Seen at the ball park.
There were Wayne, Rich, Warren, and me. All headed to Dodger stadium Warren, the guy with connections had box seat tickets about 10 or 12 rows back from the expensive dugout seats behind Homeplate. As far as I could tell our seats were better seats to view a baseball game.
I and others, on a previous occasion, have sat in the cheapest seats behind center field wall. And at that time costing about fifty-cents each. Not bad seats but one does get lost in the general buzz going on around that section. Usually, a section filled with working class dads and their sons with fielder mitts. All coming and going to the hotdog stand or men’s room. If you were sitting way out in and behind the center field wall the behind pitcher and second baseman, it would sometimes be a bit difficult seeing what the batter was doing.
At another game, I and others have had seats back about a dozen rows along the first base line near first base. Good enough seats to see most any play and especially in the infield.

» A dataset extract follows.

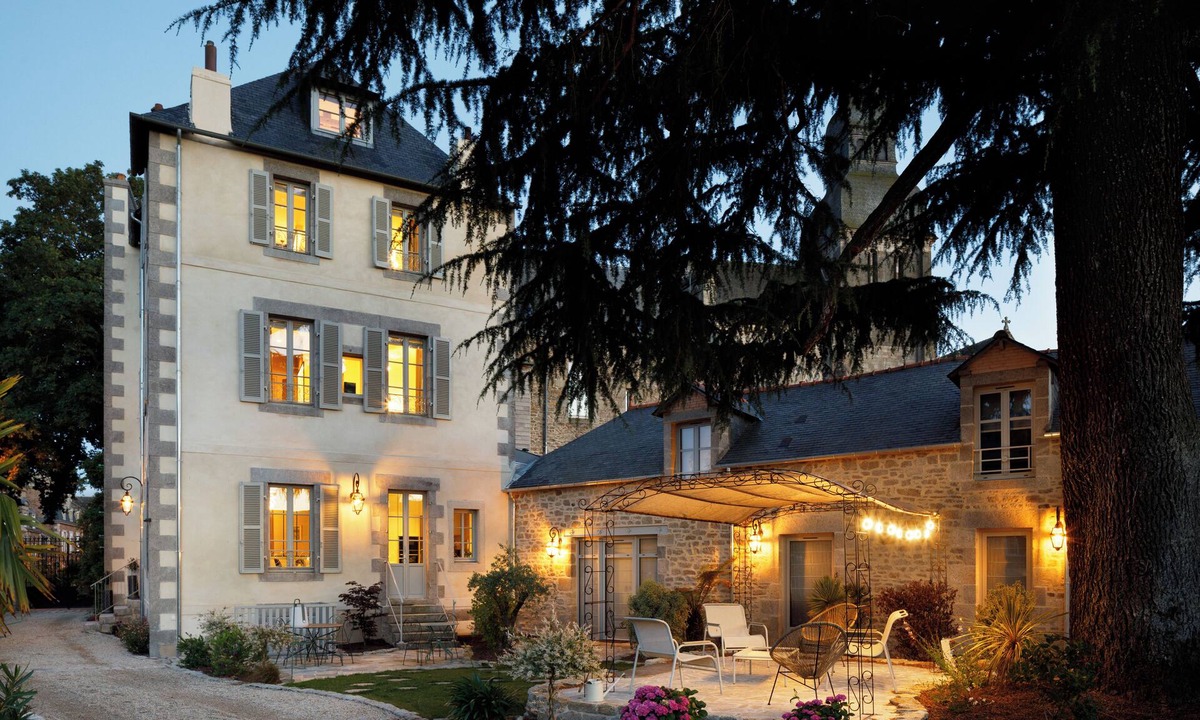 Dinan House | Clos du Cèdre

Then one time, my wife and I had seats back a ways and in the second level along the third base line somewhere between third and home plate. Tickets given to us by one of L A’s county supervisors.
But back to Wayne, Rich, Warren and me sitting behind the umpire and catcher. The Dodgers had just finished the first of a doubleheader. It was over in a flash and was pitched by a guy named ‘Mudcat’ Grant. Probably one the fastest game pitchers. Meaning he did not fool around at the rubber and pitched them quickly one after the other. And this was back in the late 1960s. Long before major league baseball thought of the so-called ‘Pitch Clock.’ Zip pop zing. It was over.

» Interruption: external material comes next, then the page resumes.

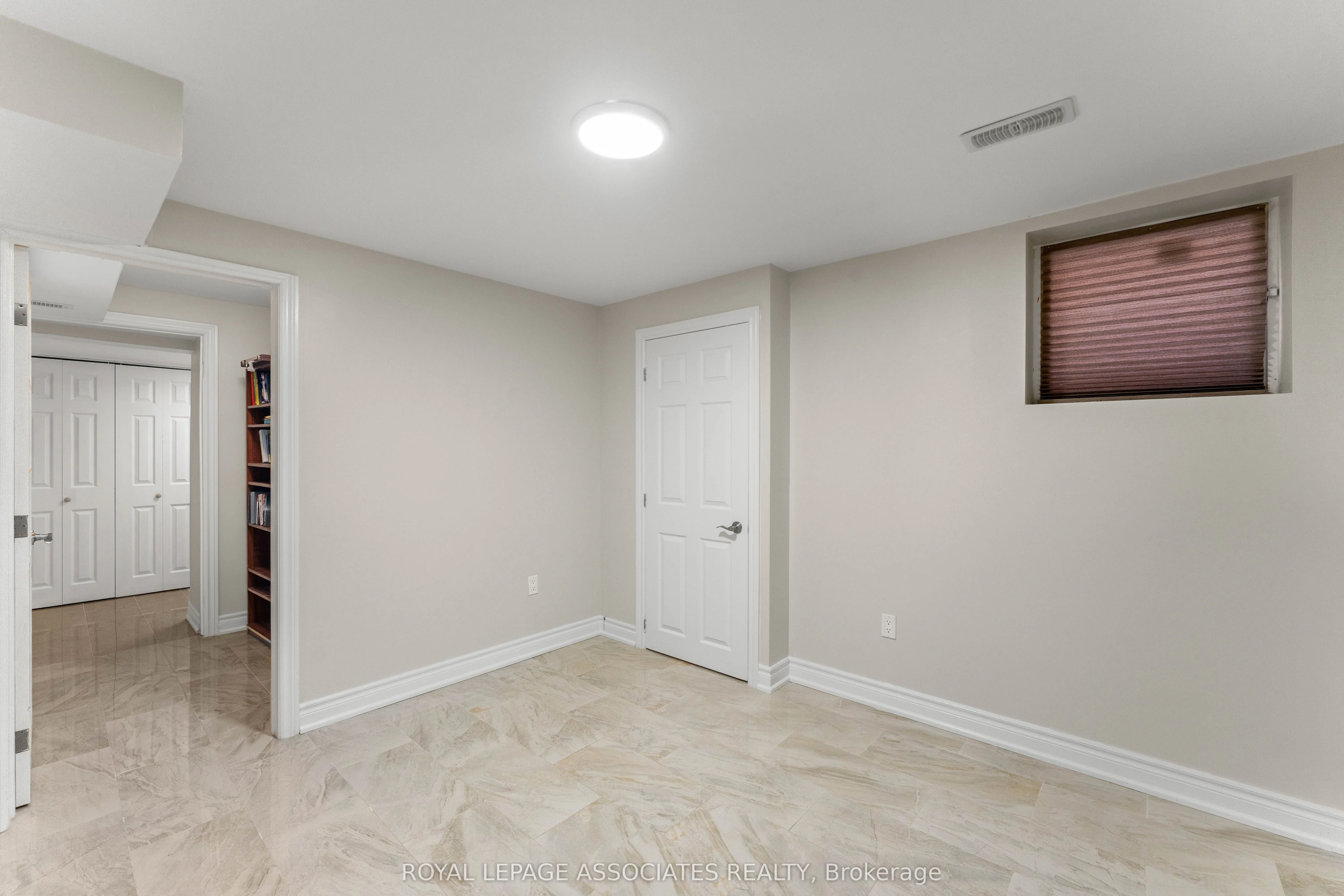 88 Showboat Crescent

Now it was more or less half time and the field crew was grooming the dirt infield and we guys just got back from buying drinks. We were sort of at a lull between games as nothing was going on. You could hear the voice of Vin Scully over the stadium broadcast system.

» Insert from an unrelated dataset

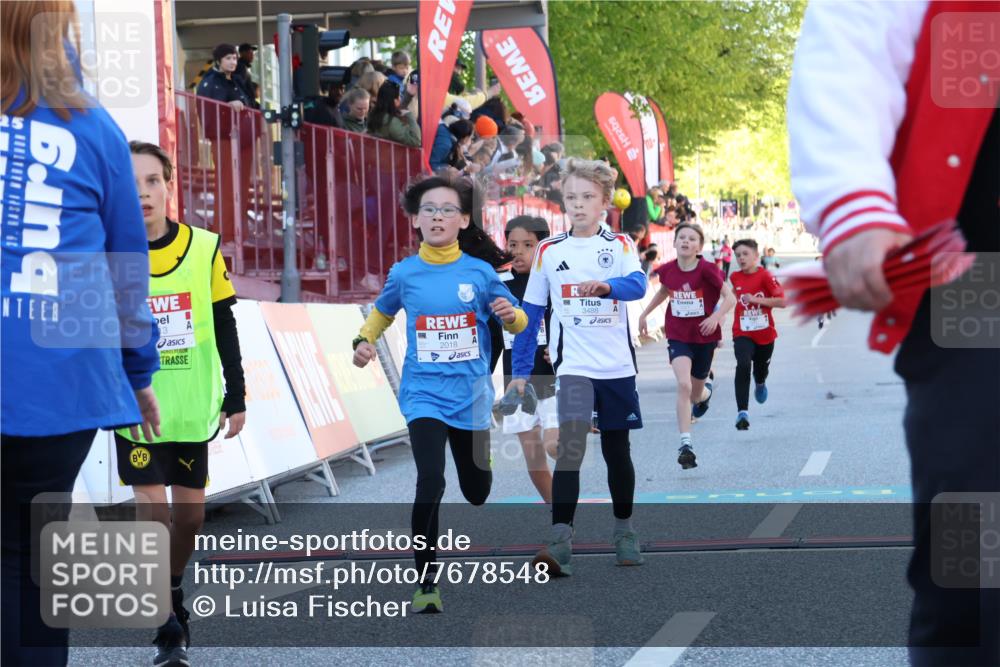 25.04.2025 - Das Zehntel Luisa Fischer http://msf.ph/oto/7678548 26.04.2025 08:49:53 Ziel 1945, 2018, 2021, 2377, 2513, 2696, 3488, 3613 meine-sportfotos.de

Then suddenly this guy in a dark tailored suit climbs out of the dugout seats in front of us and stands on top and starts waving at all the baseball goers. He had long black stringing hair. The way he poised himself you would have thought he was the reason Dodger fans came to the ball park. So, he kept on waving and shouting. A recognizable figure. It was the one-hit-wonder, Tiny Tim. The same guy who sang Tiptoe through the tulips in a high-pitched gargled falsetto voice. The same guy and Miss Vickey who were married on the Johnny Carson Tonight show. The first of the kind. None the less, it broke up the lack of excitement at the ball park.
Then the pitcher and catcher started to warm up and the focus was on the field once again. Thank goodness. Play ball!